Biggest issues to address
Just to provide a sort of overview for what I feel as a player should be the priorities to address. May be teaching the devs to suck eggs, but it might give a concise perspective of what the appears to be the biggest issues with the game so far, from an outside viewpoint.
1. Vital performance issues and 'Raid Recognition'
I'm sure the devs are aware of performance issues and game crashes (which are still happening after the patch) but what doesn't seem to have been addressed or acknowledged is the knock on effects of what I'm terming 'Raid Recognition'. This is when a 'failed' raid, either due to the game crashing, or the raider force quitting the game, or some other causes that are unknown but appear to exist, does not display either the raid stats (raid count, kill count, kill ratio and accolades), or the raid replay, or rather worryingly both, in which case you will have no indication a raid occurred on your outpost unless the raider decides to contact you and tell you they raided your outpost. (This has happened to me)
This is a vital fault that severely demoralises builders, and needs to be solved ASAP to retain players, because it feeds into the following issue...
2. Raid Promotion and community engagement
This is in reference to the fact that the format of allocating or distributing active raids to prospective raiders doesn't seem to be very effective. For one reason or another (possibly partially influenced by the raid recognition issue above) outposts simply to not receive many raids.
This may be a fundamental issue with having raids allocated to one of five genmat 'types' and sorted by three difficulty ratings, resulting in a pool of fifteen raids of which the receiving player will likely only choose either one or five of to potentially raid. This leads to 'stagnation' where outposts are allocated to raiders who will never choose to raid them. There may be ways around this without changing the format completely, such as tweaking how outposts cycle and are refreshed on a player by player basis.
Tangential to this is the sunsetting of mastered outposts. This is also fairly demoralising, although social raiding exists, it's not as accessible or well promoted. A limited system for reactivating mastered outposts in some capacity (such as a weekly mastered outpost slot or something) could be an option. Alternatively (and I'd argue this should happen anyway) heavy investment in promoting social raiding as well could make this less demoralising, knowing that there is at least a chance someone will raid your outpost without you having to personally and directly point them to it. This could be a more in-depth search system that utilises tags to find certain types of raids, and a bonus reward for participating in social raids, maybe a daily bonus or something like that.

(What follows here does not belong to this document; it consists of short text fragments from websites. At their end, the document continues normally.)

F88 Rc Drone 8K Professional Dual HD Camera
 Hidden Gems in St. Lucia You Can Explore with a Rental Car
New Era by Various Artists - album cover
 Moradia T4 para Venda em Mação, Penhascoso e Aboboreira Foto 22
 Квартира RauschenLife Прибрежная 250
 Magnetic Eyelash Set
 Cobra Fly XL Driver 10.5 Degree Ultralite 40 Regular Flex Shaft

These are the primary issues that will result in player retention or player loss for the game, and although not as urgent as a clear technical fault in no. 1, are certainly important to the longevity of the game.
3. Difficulty rating system
While the algorithm for determining the difficulty rating of an outpost seems very involved, and there are a ton of pitfalls I'm sure the devs have thorough experience with in the course of designing it, all I can say is it still has room for improvement, and there are a few issues I can already pinpoint.
It is very easy to create an outpost design that quickly jumps into Dangerous or Brutal rating, despite the fact that it is not difficult in the slightest. Conversely, it is also possible to build "unbeatable" kill box levels which are still classed as Dangerous instead of Brutal. These are significant issues for builders because Brutal outposts see fewer raids, and issues for raiders because avoiding Brutal outposts should result in avoiding the "unbeatable" bases.
I think this is largely influenced by the fact that the difficulty rating of any given trap is almost directly correlated to it's 'coverage', which is either it's detection range and/or the range it applies it's effects to. This means that a Claw trap has as much impact as a Boltshot, and a Holocube seemingly has the weight of seven Corrosive cubes, despite the fact that neither of these traps are lethal on their own. This makes it very difficult to use these traps without inadvertently jumping up to Brutal difficulty, and it also means smart 'kill boxes' can subvert the difficulty system by simply avoiding these 'large coverage' traps in place of more economic short range (but still deadly) traps, such as lots of Corrosive cubes.